** Opening Supplied entries block **

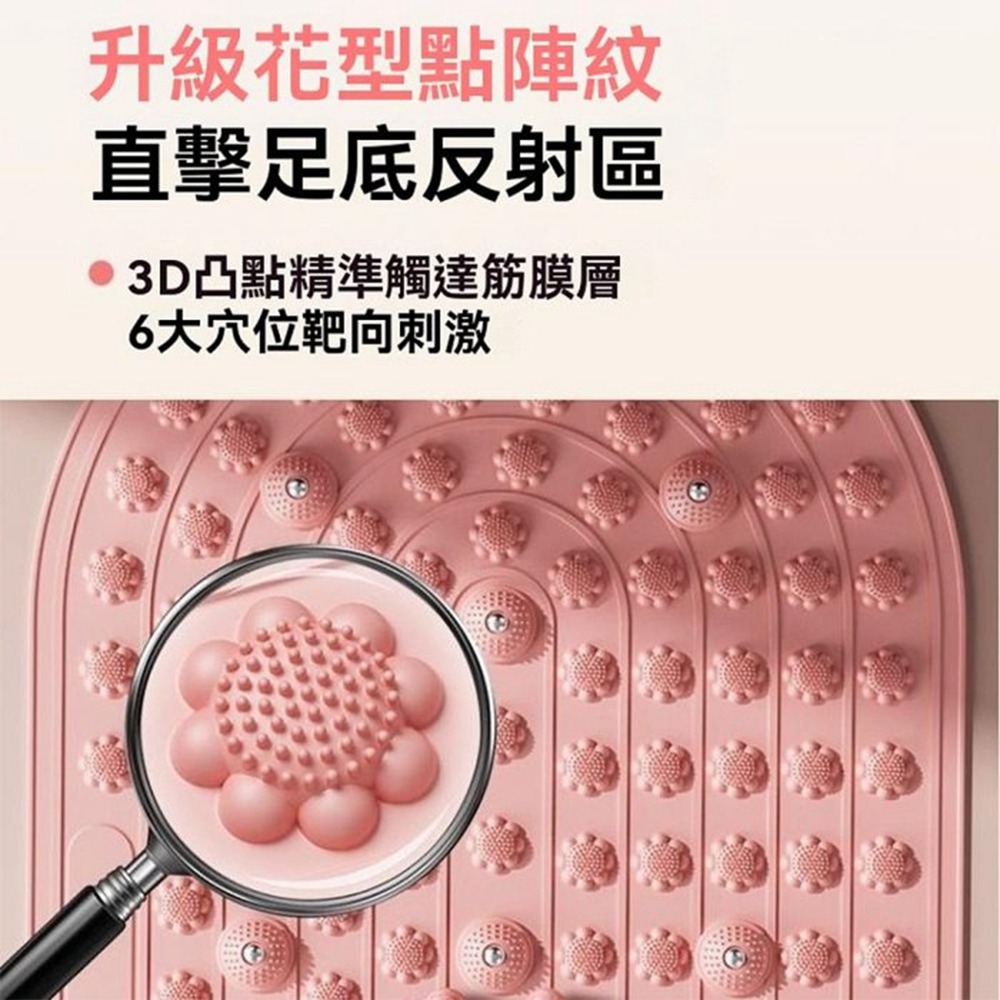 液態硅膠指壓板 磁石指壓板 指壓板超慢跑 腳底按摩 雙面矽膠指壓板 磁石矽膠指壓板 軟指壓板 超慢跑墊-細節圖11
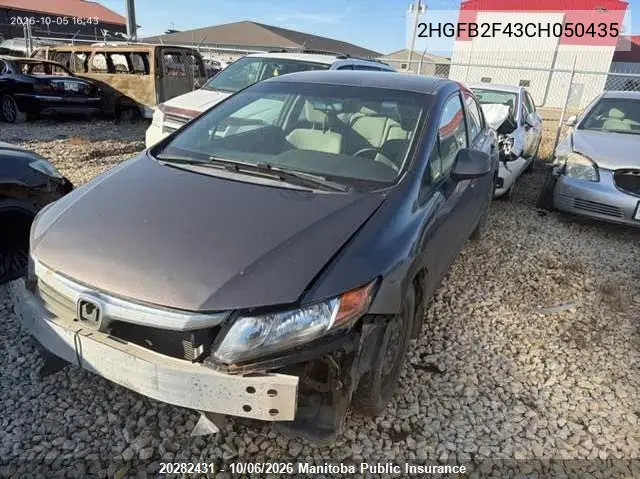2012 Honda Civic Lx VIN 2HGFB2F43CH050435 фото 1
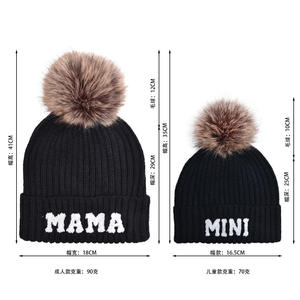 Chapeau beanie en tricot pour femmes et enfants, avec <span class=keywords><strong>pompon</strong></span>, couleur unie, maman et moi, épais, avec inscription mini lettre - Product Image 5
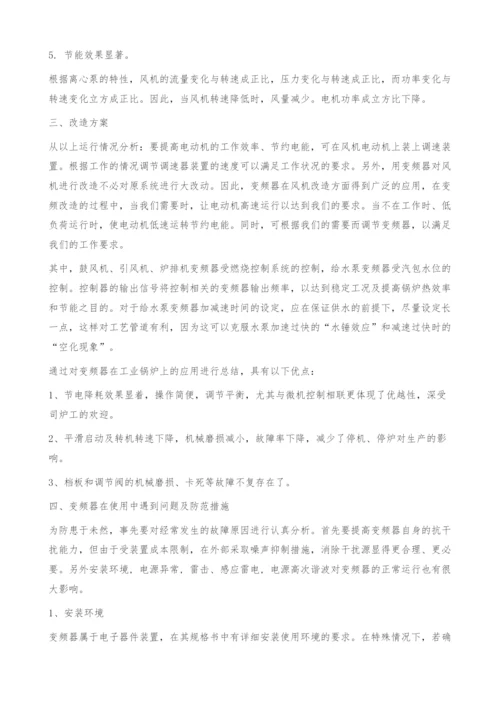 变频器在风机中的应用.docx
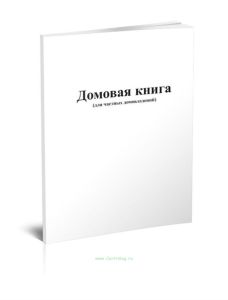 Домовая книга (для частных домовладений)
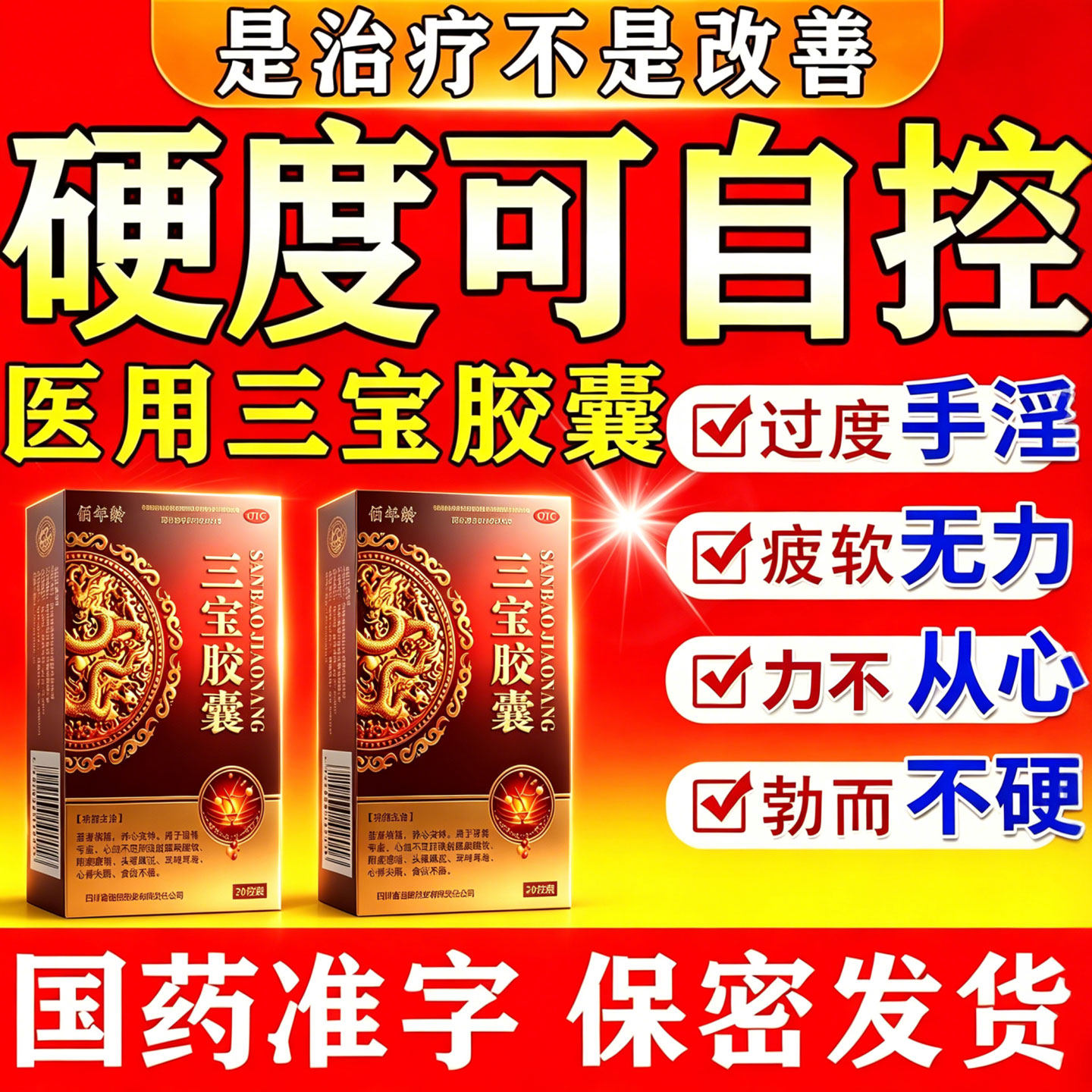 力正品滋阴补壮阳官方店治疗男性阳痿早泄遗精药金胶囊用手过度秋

** Closing Supplied entries block **

(What the task requires):
Lines from the one containing "Chapeau beanie en" through the end of the material above must be reproduced exactly; pictures must not be.

(Task response):
 Chapeau beanie en tricot pour femmes et enfants, avec <span class=keywords><strong>pompon</strong></span>, couleur unie, maman et moi, épais, avec inscription mini lettre - Product Image 5
 变频器在风机中的应用.docx
 Домовая книга (для частных домовладений)
 力正品滋阴补壮阳官方店治疗男性阳痿早泄遗精药金胶囊用手过度秋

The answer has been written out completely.